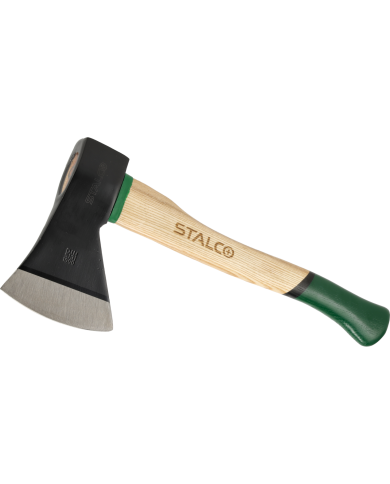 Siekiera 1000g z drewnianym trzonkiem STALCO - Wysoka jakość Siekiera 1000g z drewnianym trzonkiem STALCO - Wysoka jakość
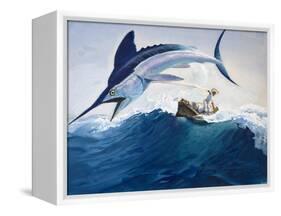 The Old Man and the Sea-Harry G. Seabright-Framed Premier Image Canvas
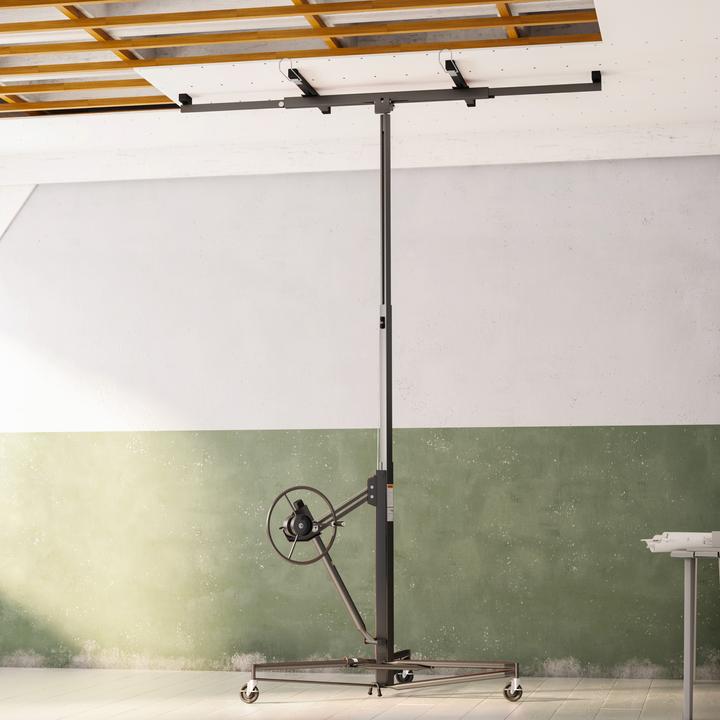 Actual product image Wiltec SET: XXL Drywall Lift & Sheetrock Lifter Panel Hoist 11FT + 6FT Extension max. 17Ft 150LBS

▸ **Work instructions**
The expected answer is the line with "The Old Man" followed by every remaining line of the listing, each restated exactly, with all pictures dropped.

▸ **Output below**
 The Old Man and the Sea-Harry G. Seabright-Framed Premier Image Canvas
 Actual product image Wiltec SET: XXL Drywall Lift & Sheetrock Lifter Panel Hoist 11FT + 6FT Extension max. 17Ft 150LBS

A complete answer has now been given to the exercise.